It is known that often a protection circuit is used to protect the coil from overheating where the protection circuit often mainly blocks high DC voltages. These systems usually do not control the loudspeaker in a feedback loop.

It has been recognized that by using a deep neural network (DNN) instead of a digital filter for loudspeaker distortion reduction and a protection circuit for loudspeaker protection, at least one or more of the issues mentioned above, may be addressed.

Consequently, some embodiments pertain to a method comprising modifying an input audio signal to obtain a modified audio signal to compensate for nonlinear and/ or time-varying distortions effected by a loudspeaker.

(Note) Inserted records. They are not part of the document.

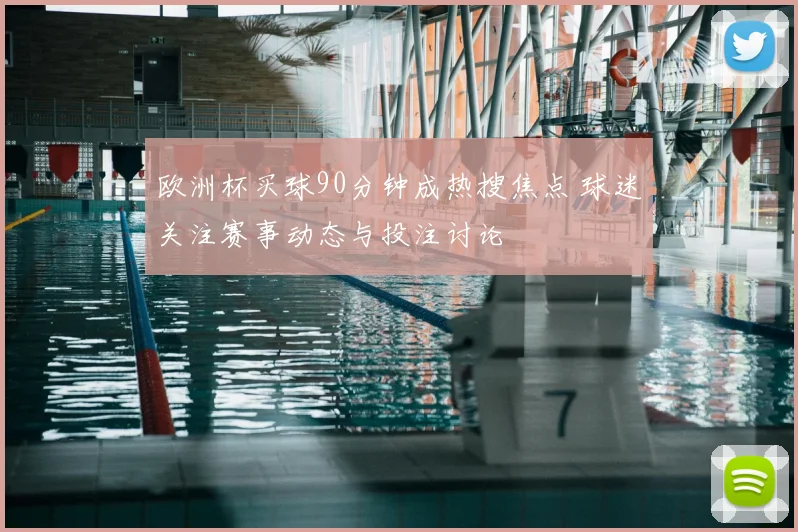 欧洲杯买球90分钟成热搜焦点 球迷关注赛事动态与投注讨论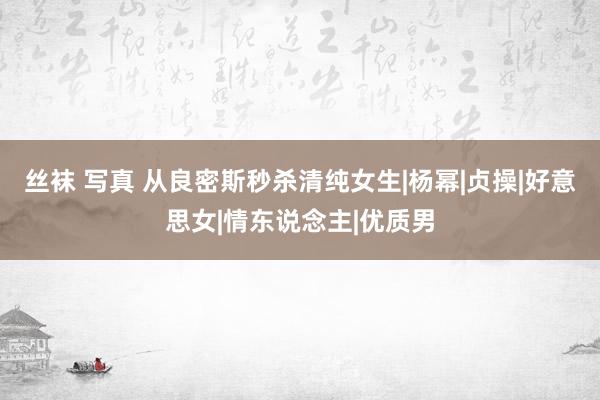 丝袜 写真 从良密斯秒杀清纯女生|杨幂|贞操|好意思女|情东说念主|优质男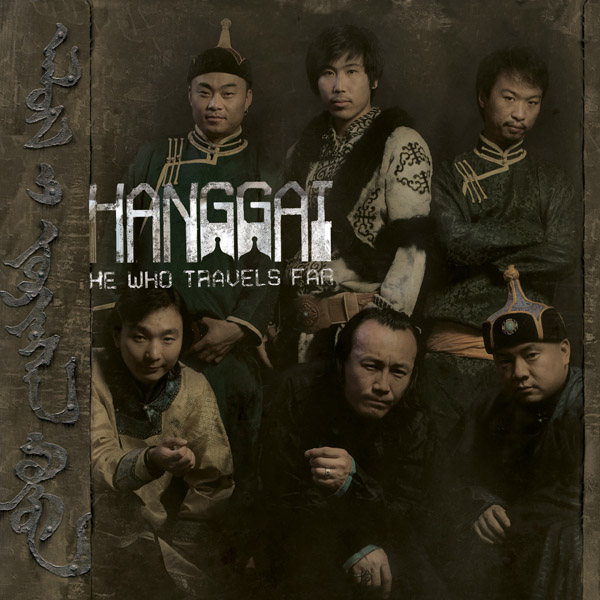 Hanggai — He Who Travels Far
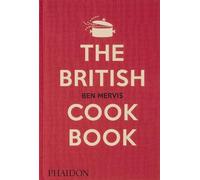 Ben Mervis The British Cookbook (Copertina rigida)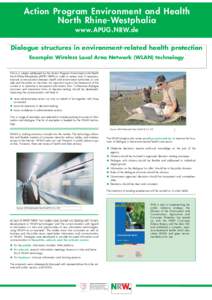 Action Program Environment and Health North Rhine-Westphalia www.APUG.NRW.de Dialogue structures in environment-related health protection Example: Wireless Local Area Network (WLAN) technology This is a subject addressed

The input audio signal can be an audio signal of any type. It can be in the form of analog signals, digital signals, it can origin from a compact disk, digital video disk, or the like, it can be a data file, such as a wave file, mp3-file or the like, and the present disclosure is not limited to a specific format of the input audio content. An input audio content may for example be a mono audio signal, or a stereo audio signal having a first channel input audio signal and a second channel input audio signal, without that the present disclosure is limited to input audio contents with two audio channels. In other embodiments, the input audio content may include any number of channels, such as a 5.1 audio signal or the like.

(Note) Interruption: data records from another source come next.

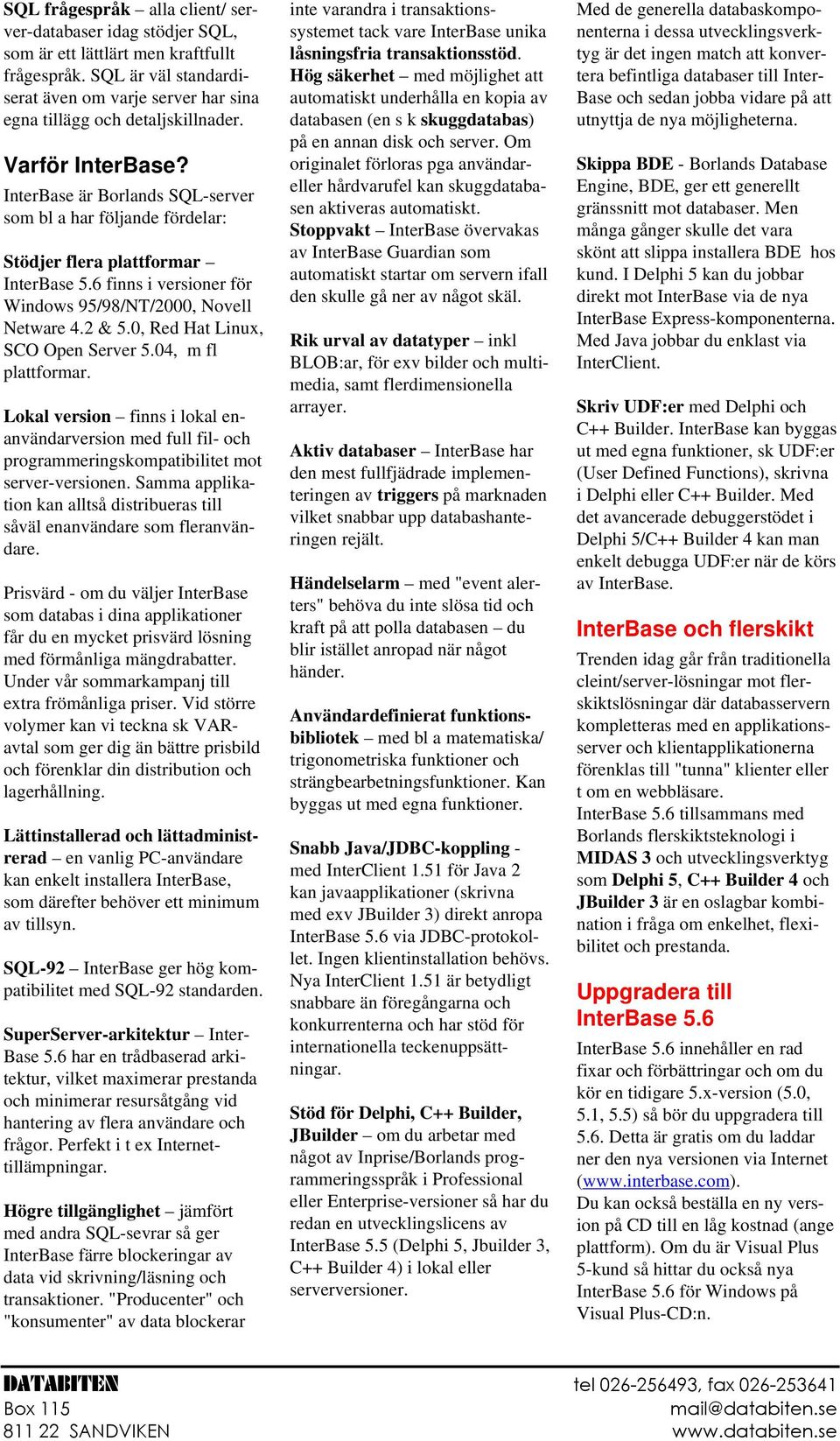0, Red Hat Linux, SCO Open Server 5.04, m fl plattformar. Lokal version finns i lokal enanvändarversion med full fil- och programmeringskompatibilitet mot server-versionen.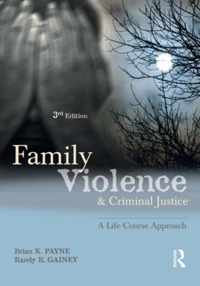 Family Violence and Criminal Justice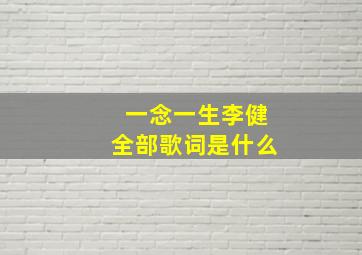 一念一生李健全部歌词是什么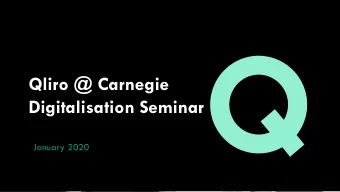 Qliro @ Carnegie  Digitalisation Seminar  January 2020  Why Qliro was founded  Ability to customise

Modifying an input audio signal may comprise optimizing an input audio signal to obtain a modified audio signal, such that the output power of the loudspeaker is increased. The nonlinear and/ or time- varying distortions effected by the loudspeaker may be time-variations that might, e.g., occur due to the temperature dependence of the loudspeaker, wherein the temperature may be influenced by the environment temperature as well as the energy of the signal that has already been played back.

The modified audio signal may for example be an audio signal as close as possible to the input audio signal.

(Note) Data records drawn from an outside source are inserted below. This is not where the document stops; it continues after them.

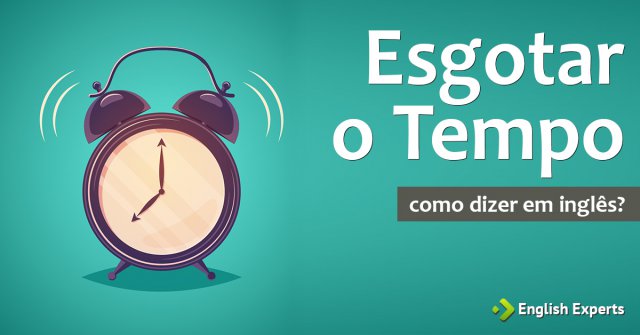 Como dizer "esgotar o tempo" em inglês
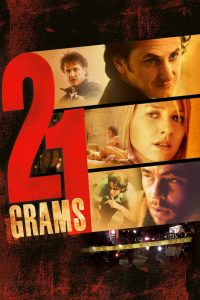 21 Grams (2003) น้ำหนัก รัก แค้น ศรัทธา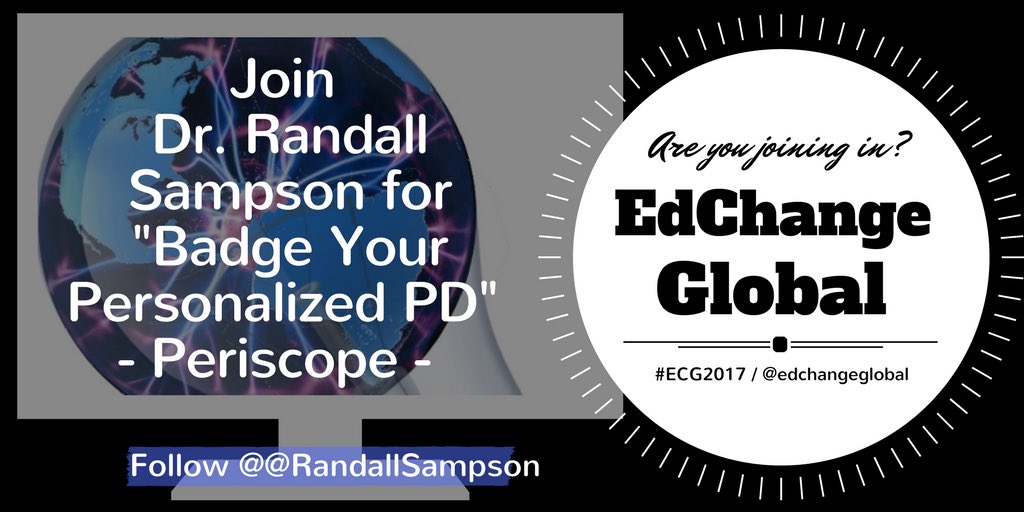 RandallSampson's tweet photo. Check me 7/29/2017 NOON EST.πΊπΈ as we talk about #PersonalizedPD and badging your experience :) #ecg2017 #satchat https://t.co/m4G6Z6W8vp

In some embodiments, the modified audio signal may be amplified by an amplifier to obtain an amplified signal and the amplified signal is converted into the sound signal by the loudspeaker.

In some embodiments, a parameter obtained at the loudspeaker may be used to obtain the modified audio signal to further compensate for nonlinear and/ or time-varying distortions. In other words, the parameter may be used to modify the audio signal to obtain the modified audio signal. The parameter obtained at the loudspeaker may be a temperature of the loudspeaker, for example, a current temperature of the coil of the loudspeaker. The temperature obtained at the loudspeaker may be acquired by a temperature sensor, or the like. This temperature may be influenced by the environment temperature as well as the energy of the signal that has already been played back. Alternatively, the parameter applied to the modified audio signal may be a force or a current driving the loudspeaker. Thus, modifying the audio signal to obtain the modified audio signal may comprise using the parameter to obtain the modified audio signal.

In some embodiments, an external parameter may be used to obtain the modified audio signal to further compensate for nonlinear and/ or time-varying distortions. In other words, the external parameter may be used to modify the audio signal to obtain the modified audio signal. For example, in some embodiments, the external parameter may be an environmental temperature acquired by a temperature sensor, or the like. Thus, modifying the audio signal to obtain the modified audio signal may comprise using the external parameter to obtain the modified audio signal.

In some embodiments, using the parameter to obtain the modified audio signal may comprise feeding the parameter, e.g. the temperature to an input layer of a neural network. For example, during the inference phase, by feeding back the parameter obtained at the loudspeaker, e.g. the temperature of the loudspeaker, to the system, the parameter may be input to the input layer of the DNN and may be applied to the modified audio signal to compensate for nonlinear and/ or time-varying distortions effected by a loudspeaker. In this manner, the output acoustic signal may be as close as possible to the analog input audio signal In some embodiments, the neural network may be a deep neural network, DNN. The DNN may act as a protection that can additionally linearize the loudspeaker transfer function. Using the DNN instead of e.g. a linear digital filter, it may be possible to protect the loudspeaker more efficiently and, additionally compensate for nonlinear as well as non-static loudspeaker distortions. Additionally, such a DNN may compensate loudspeaker imperfections and may protect a loudspeaker from overheating and/ or damaging.

In some embodiments, the input audio signal may be an analog input audio signal and the modified audio signal may be a modified analog audio signal.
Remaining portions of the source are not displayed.